Back to Jan. 1, 1999
The order, announced by the White House, covers all documents, including e-mails, letters, computer records and notes regarding Enron's financial condition and business interests, dating to Jan. 1, 1999, nearly two years before Bush took office.
Congress has opened multiple investigations into the complex accounting practices of Enron, which collapsed last year with the life's savings of workers and stockholders.
Bush, fearing political fallout, has sought to distance himself from the gathering financial scandal despite his long association with former Enron Chairman Kenneth Lay. Several Bush administration officials also have close ties to the Texas-based energy trading company, and the president's political campaigns received millions of dollars through Enron.
The development came as Congress prepared for high-stakes Enron hearings next week. Ken Johnson, a spokesman for the House Energy and Commerce Committee, said Andrew Fastow, the company's former chief financial officer, and Michael Kopper, a former Enron executive, have indicated they will refuse to answer questions at a hearing Thursday.
Fastow has been described as a mastermind behind Enron's complex web of nearly 3,000 partnerships, which the company used to keep huge debts off its books.
Took the fifth
David Duncan, the lead Enron auditor from the Arthur Andersen accounting firm, invoked his Fifth Amendment right at a hearing last week.

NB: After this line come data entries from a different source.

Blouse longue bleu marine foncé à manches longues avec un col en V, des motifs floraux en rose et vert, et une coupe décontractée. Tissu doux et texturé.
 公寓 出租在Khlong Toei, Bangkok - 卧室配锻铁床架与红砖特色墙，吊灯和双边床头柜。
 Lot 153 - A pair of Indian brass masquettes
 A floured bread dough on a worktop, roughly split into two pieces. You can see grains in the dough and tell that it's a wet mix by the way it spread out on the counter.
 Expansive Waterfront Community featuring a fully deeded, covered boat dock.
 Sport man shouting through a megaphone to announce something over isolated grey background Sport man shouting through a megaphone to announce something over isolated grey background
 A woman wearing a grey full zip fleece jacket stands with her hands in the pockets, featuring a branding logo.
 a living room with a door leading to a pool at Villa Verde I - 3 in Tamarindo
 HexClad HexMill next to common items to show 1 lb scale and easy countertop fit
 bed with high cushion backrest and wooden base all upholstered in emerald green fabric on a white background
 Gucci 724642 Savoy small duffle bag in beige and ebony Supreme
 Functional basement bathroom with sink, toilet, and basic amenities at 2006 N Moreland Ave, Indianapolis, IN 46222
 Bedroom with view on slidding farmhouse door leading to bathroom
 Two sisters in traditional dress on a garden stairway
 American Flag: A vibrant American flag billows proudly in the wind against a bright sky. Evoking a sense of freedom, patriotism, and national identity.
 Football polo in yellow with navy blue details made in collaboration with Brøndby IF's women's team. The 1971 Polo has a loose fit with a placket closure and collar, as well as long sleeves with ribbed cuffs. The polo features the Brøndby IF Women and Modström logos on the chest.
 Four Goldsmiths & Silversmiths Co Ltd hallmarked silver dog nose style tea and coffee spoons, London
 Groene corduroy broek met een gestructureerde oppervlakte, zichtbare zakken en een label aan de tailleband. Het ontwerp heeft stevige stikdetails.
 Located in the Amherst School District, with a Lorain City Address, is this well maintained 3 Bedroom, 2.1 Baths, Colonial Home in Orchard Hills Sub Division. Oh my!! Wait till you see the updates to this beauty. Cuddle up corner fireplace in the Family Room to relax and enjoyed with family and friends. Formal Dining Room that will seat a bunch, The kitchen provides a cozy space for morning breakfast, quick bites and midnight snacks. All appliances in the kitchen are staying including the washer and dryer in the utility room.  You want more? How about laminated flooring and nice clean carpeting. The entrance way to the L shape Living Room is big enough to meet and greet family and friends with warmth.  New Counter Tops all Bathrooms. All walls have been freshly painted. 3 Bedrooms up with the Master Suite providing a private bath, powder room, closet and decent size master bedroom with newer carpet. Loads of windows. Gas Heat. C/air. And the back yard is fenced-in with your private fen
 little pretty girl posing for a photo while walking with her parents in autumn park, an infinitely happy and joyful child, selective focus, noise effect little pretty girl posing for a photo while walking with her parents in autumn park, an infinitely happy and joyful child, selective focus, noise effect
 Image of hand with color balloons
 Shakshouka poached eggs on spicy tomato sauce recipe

Lay plans to testify Monday.
The Justice Department's letter to Gonzales says all documents that "relate in any way to Enron's financial condition and/or business interests" should be preserved, even if there are questions about whether destruction might otherwise be permitted.
"At this time, we are only requesting that you ensure the retention of these records," wrote Christopher A. Wray, principal associate deputy attorney general.
White House spokeswoman Claire Buchan said the White House would "fully comply with the request as part of our continued cooperation with this matter."